> _TASK TO CARRY OUT_
Output only the lines of the entries that follow, starting at the one with "Pour Xiaomi Redmi" and running down to the one with "オレンジ色のハンモックのスロースNOT LAZY JUST", both included and unchanged.

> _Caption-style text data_
*****
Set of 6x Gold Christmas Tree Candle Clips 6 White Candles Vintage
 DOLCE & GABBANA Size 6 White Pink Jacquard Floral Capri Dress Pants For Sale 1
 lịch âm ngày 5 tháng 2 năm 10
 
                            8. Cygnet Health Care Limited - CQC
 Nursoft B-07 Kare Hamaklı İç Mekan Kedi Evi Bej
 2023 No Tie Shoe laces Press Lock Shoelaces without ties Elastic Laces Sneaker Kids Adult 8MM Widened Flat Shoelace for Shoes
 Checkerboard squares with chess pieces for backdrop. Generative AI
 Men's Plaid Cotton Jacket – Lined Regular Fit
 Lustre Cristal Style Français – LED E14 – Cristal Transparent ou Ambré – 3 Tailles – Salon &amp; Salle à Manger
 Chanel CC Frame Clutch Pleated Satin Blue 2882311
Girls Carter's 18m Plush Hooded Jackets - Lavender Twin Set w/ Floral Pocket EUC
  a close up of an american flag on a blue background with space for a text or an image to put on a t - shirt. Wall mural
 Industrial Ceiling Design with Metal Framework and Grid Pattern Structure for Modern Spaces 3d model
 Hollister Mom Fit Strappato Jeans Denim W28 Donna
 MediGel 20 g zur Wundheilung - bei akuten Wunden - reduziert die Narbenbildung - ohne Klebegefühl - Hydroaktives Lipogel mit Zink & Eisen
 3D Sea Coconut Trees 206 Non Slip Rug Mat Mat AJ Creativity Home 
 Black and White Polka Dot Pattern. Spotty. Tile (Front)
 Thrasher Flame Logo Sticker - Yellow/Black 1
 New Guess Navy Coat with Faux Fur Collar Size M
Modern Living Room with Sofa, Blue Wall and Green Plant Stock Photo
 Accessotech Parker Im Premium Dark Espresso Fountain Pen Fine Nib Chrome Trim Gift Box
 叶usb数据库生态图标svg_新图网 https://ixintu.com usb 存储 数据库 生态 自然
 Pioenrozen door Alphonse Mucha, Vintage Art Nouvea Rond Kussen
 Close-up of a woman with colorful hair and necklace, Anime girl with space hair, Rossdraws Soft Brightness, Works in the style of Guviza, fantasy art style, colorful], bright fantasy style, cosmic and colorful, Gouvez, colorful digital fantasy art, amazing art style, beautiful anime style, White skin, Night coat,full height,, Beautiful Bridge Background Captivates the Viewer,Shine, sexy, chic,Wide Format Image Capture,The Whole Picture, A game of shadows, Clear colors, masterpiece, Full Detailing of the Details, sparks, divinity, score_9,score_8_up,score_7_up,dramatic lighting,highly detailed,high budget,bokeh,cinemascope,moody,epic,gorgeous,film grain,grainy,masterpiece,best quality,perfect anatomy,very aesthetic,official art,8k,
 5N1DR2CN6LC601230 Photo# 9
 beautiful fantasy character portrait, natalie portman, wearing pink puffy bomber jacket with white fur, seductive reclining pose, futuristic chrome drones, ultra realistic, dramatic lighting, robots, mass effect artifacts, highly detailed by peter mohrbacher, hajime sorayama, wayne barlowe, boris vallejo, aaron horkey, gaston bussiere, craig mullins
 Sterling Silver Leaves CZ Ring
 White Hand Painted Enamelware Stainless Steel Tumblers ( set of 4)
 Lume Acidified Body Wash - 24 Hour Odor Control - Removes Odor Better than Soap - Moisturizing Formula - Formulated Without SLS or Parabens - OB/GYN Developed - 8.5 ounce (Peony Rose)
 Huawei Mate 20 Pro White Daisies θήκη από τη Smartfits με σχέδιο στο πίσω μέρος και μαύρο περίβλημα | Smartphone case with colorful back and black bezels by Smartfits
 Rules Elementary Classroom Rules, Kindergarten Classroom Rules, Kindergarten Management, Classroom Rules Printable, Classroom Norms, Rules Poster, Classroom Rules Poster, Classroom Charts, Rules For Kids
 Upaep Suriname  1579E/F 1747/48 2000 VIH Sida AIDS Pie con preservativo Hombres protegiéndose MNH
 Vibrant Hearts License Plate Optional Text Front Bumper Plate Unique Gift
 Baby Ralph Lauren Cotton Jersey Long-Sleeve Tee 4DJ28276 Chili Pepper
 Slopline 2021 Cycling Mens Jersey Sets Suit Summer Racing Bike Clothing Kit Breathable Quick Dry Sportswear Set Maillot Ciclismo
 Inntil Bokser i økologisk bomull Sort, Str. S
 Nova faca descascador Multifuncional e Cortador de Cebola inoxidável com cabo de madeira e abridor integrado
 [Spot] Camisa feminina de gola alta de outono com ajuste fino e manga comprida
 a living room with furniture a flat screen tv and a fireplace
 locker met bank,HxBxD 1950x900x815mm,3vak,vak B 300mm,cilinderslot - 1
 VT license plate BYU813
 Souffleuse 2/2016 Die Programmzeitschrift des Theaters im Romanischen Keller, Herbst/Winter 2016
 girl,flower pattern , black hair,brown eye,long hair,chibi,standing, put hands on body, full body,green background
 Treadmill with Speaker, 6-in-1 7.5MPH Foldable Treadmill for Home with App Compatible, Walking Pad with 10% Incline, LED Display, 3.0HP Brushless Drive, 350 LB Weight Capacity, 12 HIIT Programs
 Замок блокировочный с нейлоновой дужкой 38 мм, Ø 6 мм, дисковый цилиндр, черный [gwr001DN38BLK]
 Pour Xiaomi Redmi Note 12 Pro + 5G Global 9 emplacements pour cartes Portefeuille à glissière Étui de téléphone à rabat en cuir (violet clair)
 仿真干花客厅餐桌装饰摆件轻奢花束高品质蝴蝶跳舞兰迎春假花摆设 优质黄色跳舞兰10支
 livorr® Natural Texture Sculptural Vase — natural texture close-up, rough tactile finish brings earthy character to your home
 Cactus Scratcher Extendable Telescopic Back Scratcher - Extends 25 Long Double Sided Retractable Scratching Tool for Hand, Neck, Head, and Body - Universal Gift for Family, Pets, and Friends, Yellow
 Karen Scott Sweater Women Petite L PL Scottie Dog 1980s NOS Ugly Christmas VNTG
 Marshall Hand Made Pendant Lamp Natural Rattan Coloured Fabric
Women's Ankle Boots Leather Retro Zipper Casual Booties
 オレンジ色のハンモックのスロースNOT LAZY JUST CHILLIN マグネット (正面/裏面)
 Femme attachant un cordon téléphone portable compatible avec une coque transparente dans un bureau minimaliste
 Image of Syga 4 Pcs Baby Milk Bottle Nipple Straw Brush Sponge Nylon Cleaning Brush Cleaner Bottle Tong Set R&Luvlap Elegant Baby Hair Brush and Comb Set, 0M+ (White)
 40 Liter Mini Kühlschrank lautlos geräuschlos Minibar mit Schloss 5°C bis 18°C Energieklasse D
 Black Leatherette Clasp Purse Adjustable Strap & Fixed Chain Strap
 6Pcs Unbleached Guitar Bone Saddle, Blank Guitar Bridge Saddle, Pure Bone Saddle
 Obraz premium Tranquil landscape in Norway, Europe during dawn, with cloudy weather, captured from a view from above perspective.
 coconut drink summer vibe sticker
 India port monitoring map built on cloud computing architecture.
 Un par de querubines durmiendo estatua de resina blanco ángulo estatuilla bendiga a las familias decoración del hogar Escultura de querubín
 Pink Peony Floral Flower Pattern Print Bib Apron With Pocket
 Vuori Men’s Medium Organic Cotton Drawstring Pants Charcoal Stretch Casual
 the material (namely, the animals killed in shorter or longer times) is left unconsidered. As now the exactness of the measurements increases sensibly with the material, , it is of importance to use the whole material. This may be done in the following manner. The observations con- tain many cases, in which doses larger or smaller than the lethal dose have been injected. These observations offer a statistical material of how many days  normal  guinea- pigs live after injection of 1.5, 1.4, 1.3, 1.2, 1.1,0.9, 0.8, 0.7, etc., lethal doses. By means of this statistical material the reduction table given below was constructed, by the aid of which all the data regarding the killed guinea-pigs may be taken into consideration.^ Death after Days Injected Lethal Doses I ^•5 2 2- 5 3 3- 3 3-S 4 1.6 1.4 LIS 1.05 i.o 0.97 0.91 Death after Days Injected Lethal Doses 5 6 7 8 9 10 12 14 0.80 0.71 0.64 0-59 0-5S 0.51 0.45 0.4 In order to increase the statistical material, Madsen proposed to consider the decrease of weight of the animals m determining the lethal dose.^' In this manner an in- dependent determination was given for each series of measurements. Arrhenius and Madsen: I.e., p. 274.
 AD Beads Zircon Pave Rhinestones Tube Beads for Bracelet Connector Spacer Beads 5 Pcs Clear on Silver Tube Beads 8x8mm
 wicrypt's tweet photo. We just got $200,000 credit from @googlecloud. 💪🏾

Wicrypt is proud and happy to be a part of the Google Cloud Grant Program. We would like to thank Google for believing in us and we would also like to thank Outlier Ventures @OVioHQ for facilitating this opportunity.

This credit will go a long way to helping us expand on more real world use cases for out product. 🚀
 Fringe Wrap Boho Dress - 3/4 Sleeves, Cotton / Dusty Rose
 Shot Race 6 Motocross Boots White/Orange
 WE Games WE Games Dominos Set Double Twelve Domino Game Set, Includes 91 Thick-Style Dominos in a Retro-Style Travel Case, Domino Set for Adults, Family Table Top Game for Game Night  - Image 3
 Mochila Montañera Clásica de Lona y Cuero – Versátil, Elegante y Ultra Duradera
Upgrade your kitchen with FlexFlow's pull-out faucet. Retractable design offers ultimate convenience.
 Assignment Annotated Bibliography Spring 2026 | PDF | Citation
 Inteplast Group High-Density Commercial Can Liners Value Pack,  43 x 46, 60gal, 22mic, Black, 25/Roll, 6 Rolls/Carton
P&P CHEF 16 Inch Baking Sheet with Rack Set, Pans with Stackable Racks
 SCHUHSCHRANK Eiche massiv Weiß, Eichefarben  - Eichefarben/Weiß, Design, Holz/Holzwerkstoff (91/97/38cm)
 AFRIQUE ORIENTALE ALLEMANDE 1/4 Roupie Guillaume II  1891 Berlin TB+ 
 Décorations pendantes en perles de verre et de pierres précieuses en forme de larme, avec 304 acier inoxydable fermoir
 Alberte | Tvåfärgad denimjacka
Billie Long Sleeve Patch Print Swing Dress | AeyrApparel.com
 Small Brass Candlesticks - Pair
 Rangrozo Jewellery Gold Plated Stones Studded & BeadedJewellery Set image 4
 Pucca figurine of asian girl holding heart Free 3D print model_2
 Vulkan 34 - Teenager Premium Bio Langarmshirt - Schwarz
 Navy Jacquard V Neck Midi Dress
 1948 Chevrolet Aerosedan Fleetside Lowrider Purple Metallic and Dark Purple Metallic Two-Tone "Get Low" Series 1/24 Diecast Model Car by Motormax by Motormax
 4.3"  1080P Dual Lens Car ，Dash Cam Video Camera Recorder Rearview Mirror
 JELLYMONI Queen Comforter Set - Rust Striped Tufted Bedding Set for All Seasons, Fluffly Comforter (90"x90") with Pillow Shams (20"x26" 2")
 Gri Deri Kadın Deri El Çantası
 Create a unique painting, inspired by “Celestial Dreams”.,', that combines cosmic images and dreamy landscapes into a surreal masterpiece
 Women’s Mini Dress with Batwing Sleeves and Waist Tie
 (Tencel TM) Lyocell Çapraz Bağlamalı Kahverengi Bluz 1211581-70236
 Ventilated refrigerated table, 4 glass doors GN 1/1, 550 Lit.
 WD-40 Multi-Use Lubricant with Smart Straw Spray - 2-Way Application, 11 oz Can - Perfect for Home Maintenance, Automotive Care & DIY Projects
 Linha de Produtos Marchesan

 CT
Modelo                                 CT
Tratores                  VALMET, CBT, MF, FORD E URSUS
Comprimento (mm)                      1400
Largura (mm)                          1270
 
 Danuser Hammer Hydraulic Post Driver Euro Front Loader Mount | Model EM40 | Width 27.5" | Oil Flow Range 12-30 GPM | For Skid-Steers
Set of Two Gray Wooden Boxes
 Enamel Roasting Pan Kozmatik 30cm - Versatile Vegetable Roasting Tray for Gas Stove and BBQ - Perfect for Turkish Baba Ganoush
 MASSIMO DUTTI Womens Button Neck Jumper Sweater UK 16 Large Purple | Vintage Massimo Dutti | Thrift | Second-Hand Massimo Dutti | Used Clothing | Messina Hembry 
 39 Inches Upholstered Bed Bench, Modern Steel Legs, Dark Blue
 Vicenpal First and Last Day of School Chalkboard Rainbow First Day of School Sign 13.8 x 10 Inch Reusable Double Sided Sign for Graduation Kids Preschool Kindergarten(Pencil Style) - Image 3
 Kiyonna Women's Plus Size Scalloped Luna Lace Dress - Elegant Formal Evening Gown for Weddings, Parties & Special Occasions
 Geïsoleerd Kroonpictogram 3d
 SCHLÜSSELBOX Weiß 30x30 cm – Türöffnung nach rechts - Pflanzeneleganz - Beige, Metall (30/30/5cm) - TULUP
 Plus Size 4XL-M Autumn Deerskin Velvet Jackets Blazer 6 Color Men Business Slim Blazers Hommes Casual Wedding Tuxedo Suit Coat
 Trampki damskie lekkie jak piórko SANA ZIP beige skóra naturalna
*****
> _OUTPUT BELOW_
 Pour Xiaomi Redmi Note 12 Pro + 5G Global 9 emplacements pour cartes Portefeuille à glissière Étui de téléphone à rabat en cuir (violet clair)
 仿真干花客厅餐桌装饰摆件轻奢花束高品质蝴蝶跳舞兰迎春假花摆设 优质黄色跳舞兰10支
 livorr® Natural Texture Sculptural Vase — natural texture close-up, rough tactile finish brings earthy character to your home
 Cactus Scratcher Extendable Telescopic Back Scratcher - Extends 25 Long Double Sided Retractable Scratching Tool for Hand, Neck, Head, and Body - Universal Gift for Family, Pets, and Friends, Yellow
 Karen Scott Sweater Women Petite L PL Scottie Dog 1980s NOS Ugly Christmas VNTG
 Marshall Hand Made Pendant Lamp Natural Rattan Coloured Fabric
Women's Ankle Boots Leather Retro Zipper Casual Booties
 オレンジ色のハンモックのスロースNOT LAZY JUST CHILLIN マグネット (正面/裏面)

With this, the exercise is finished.